(Exercise data begins)

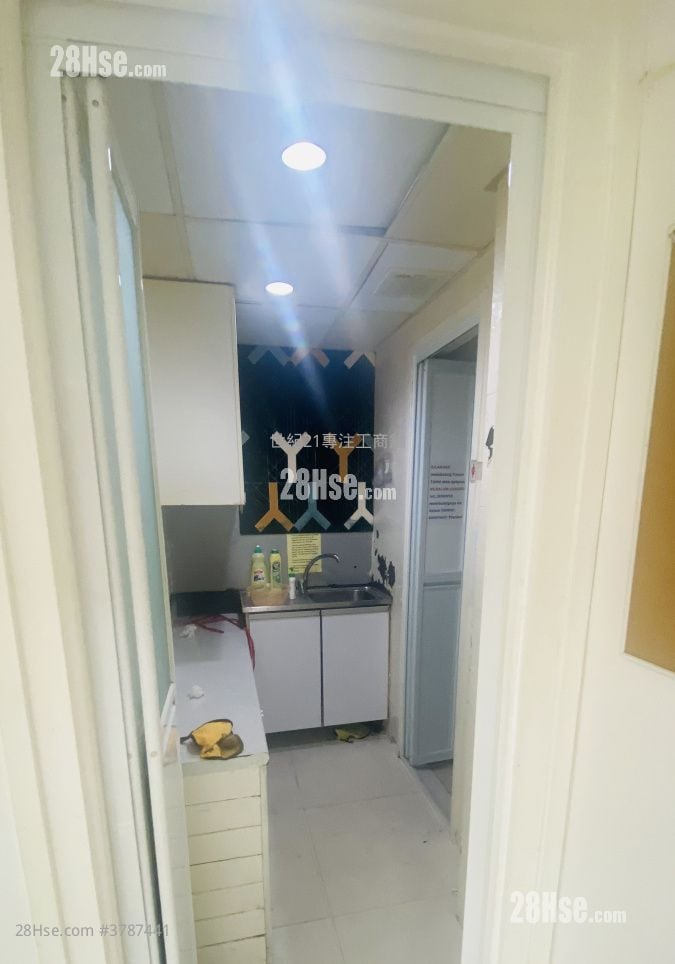 Concord Commercial Building Rental 2 Toilets 700 ft²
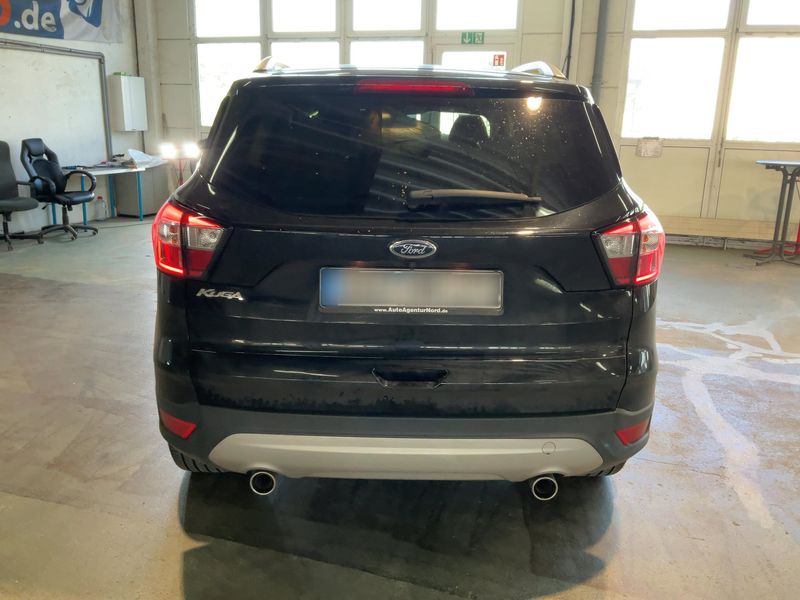 Ford Kuga 2.0 TDCi Titanium — zdjęcie 5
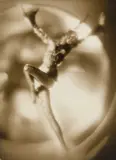 Atelier Manasse, Art Deco dance pose, 1927, Vintage silver print on double-weight semi-matte paper, sepia-toned, in very good condition. Studio's signature "Manassé Wien" in the negative, several handwritten numbers and annotated "Studie" in pe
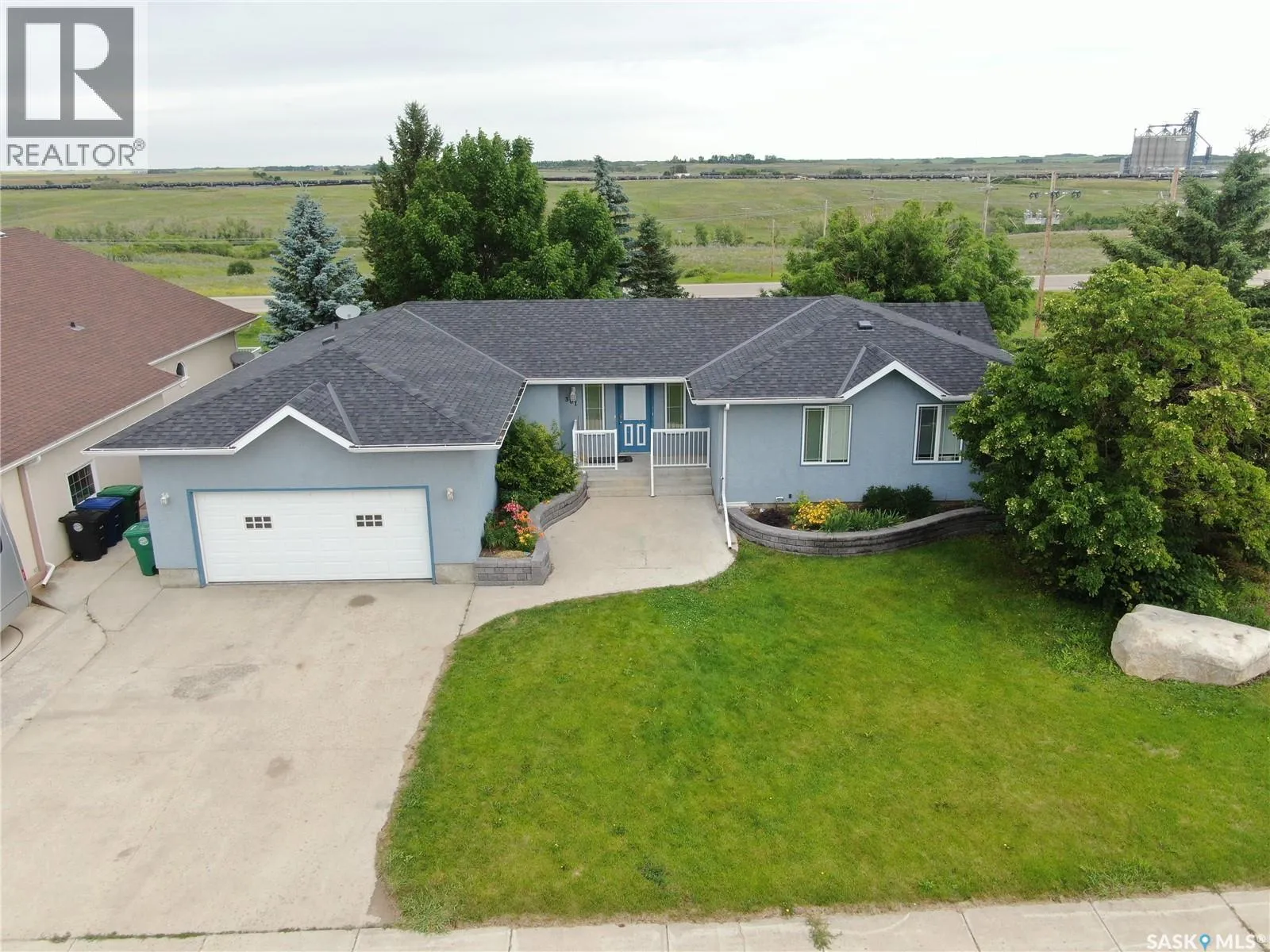 House for rent: 301 Turnbull Avenue W, Biggar, Saskatchewan S0K 0M0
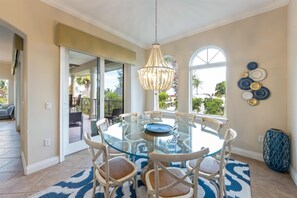 Luxury Condo, Partial Ocean View | Dining - Holmes Beach Shoreline Suites (Holmes Beach)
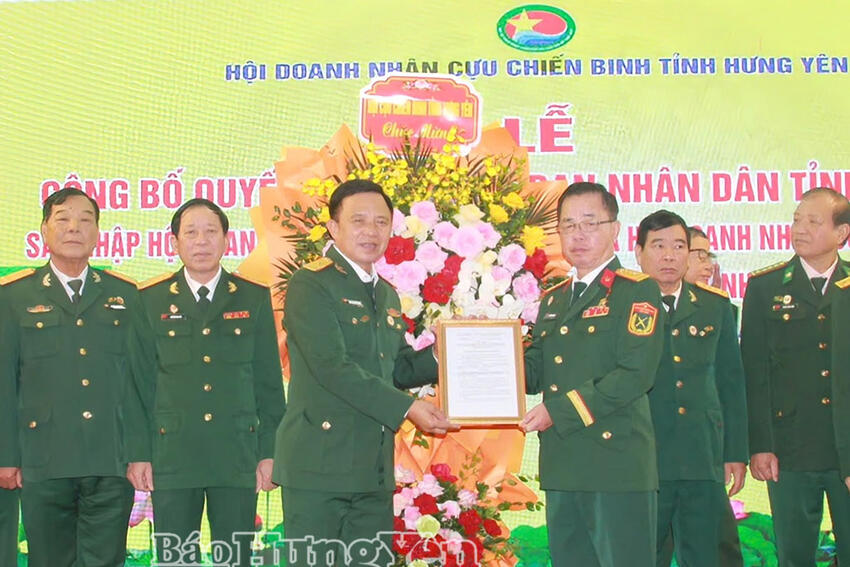 Công bố Quyết định sáp nhập, thành lập Hội Doanh nhân CCB tỉnh Hưng Yên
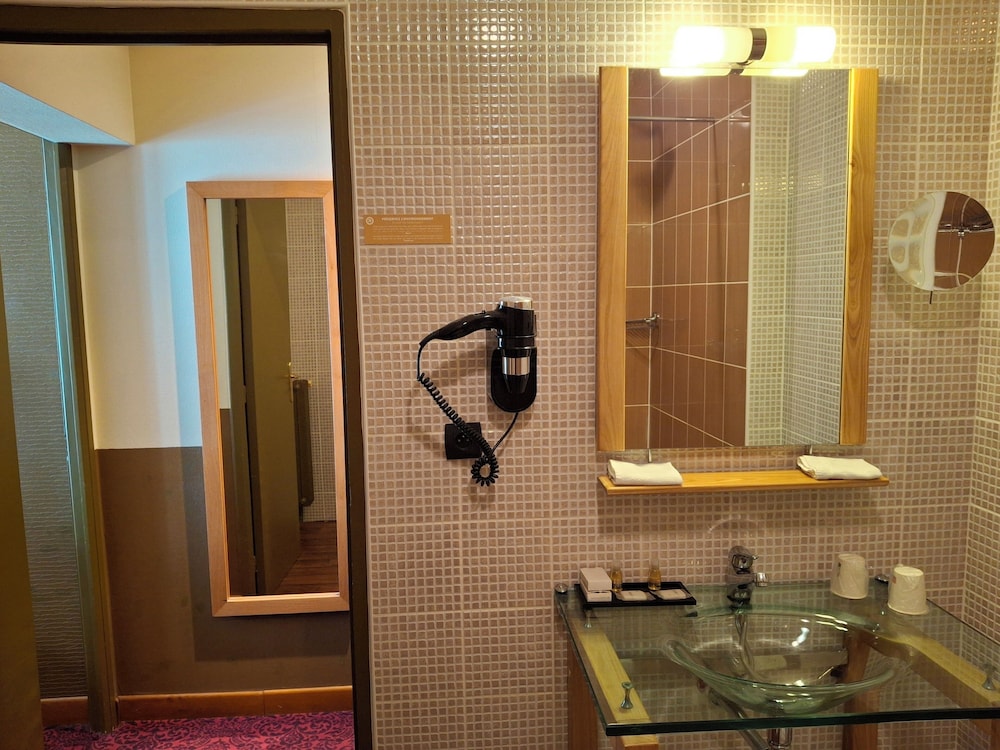 Comfort Twin Room, 2 Twin Beds - Photo 4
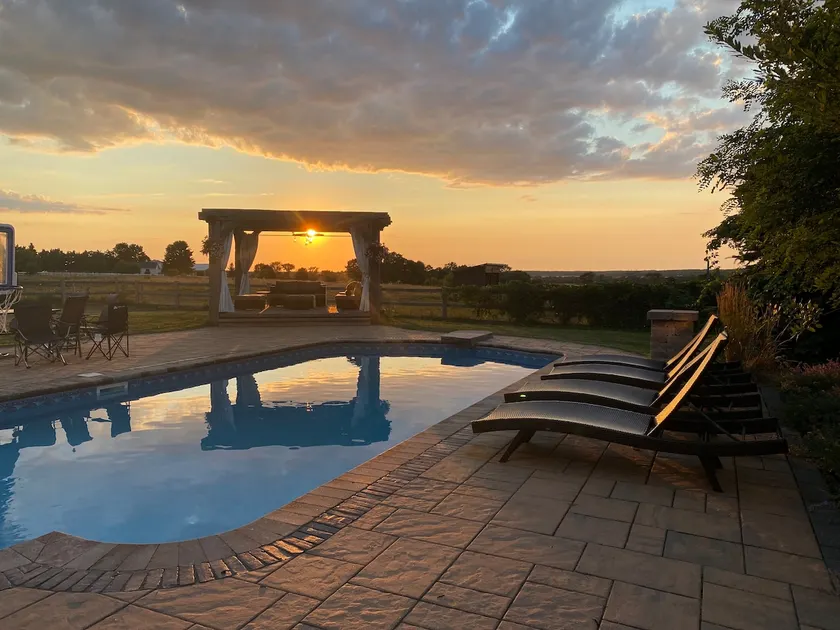 Farm House Oasis: Hot Tub, Pool, Horses, sleeps 12 - Image 1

(Exercise data ends)

# The problem
Nothing but the lines from the one containing "Atelier Manasse, Art" through the last line of the records above should appear, each repeated exactly, with no pictures.

# Reply
 Atelier Manasse, Art Deco dance pose, 1927, Vintage silver print on double-weight semi-matte paper, sepia-toned, in very good condition. Studio's signature "Manassé Wien" in the negative, several handwritten numbers and annotated "Studie" in pe
 House for rent: 301 Turnbull Avenue W, Biggar, Saskatchewan S0K 0M0
 Luxury Condo, Partial Ocean View | Dining - Holmes Beach Shoreline Suites (Holmes Beach)
 Công bố Quyết định sáp nhập, thành lập Hội Doanh nhân CCB tỉnh Hưng Yên
 Comfort Twin Room, 2 Twin Beds - Photo 4
 Farm House Oasis: Hot Tub, Pool, Horses, sleeps 12 - Image 1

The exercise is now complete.